Les lois des États et des syndicats soutiennent également les efforts de syndicalisation. Si une simple majorité de travailleurs vote en faveur de la syndicalisation, leur usine ou leur entreprise peut être organisée comme un magasin syndical. Un magasin syndical est un lieu de travail où un travailleur, une fois employé, doit s'affilier au syndicat reconnu pour pouvoir continuer à travailler. Si un nouveau travailleur refuse d'adhérer au syndicat, il se voit simplement refuser un emploi dans cette entreprise. Ainsi, le gouvernement impose un coût substantiel aux travailleurs qui ne participent pas aux activités syndicales.

L’institution d’élections démocratiques a certes considérablement réduit les risques de violence dans de telles situations, mais elle a également réduit les coûts d’organisation d’un syndicat. Les syndicats soutiennent qu'une adhésion obligatoire par le biais d'élections démocratiques (le magasin syndical) est nécessaire pour surmonter le problème des passants.

Bien que les syndicats puissent être perçus comme un contrepoids bienvenu au pouvoir de marché des grands cartels d’employeurs prospères, ils peuvent également avoir des effets négatifs. Tout comme les membres du syndicat ont intérêt à s'empêcher mutuellement d'accepter un salaire plus bas (car le résultat de la concurrence qui s'ensuivra sera un salaire plus bas pour tous); ils ont également intérêt à empêcher toute personne d'améliorer ses compétences.

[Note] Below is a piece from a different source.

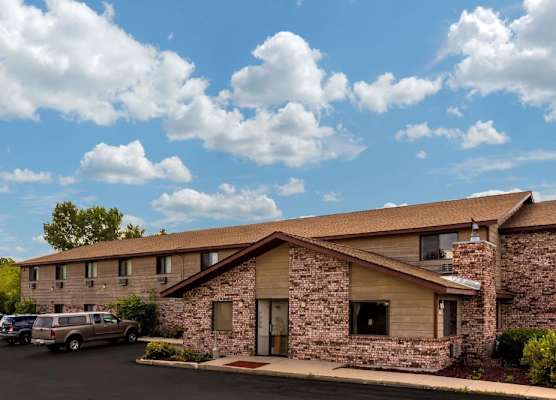 Super 8 by Wyndham Hartford WI 1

Si certains travailleurs se font concurrence en améliorant leur productivité, tous devront peut-être faire de même. Pour réduire cette concurrence entre les travailleurs, les syndicats recherchent généralement des barèmes de salaires non basés sur les performances professionnelles. Dans la plupart des syndicats, les salaires sont basés sur l’ancienneté et les augmentations de salaires sont réparties également entre les membres.

Dans la mesure où les efforts acharnés et les compétences améliorées ne sont pas récompensés dans un magasin syndical, les syndicats contribuent à l'inefficacité de la production. Les dirigeants syndicaux tentent de contrer cette tendance en faisant en sorte que les syndicats augmentent leur productivité en renforçant l'estime de soi des travailleurs et en leur permettant de contrôler leur bien-être économique.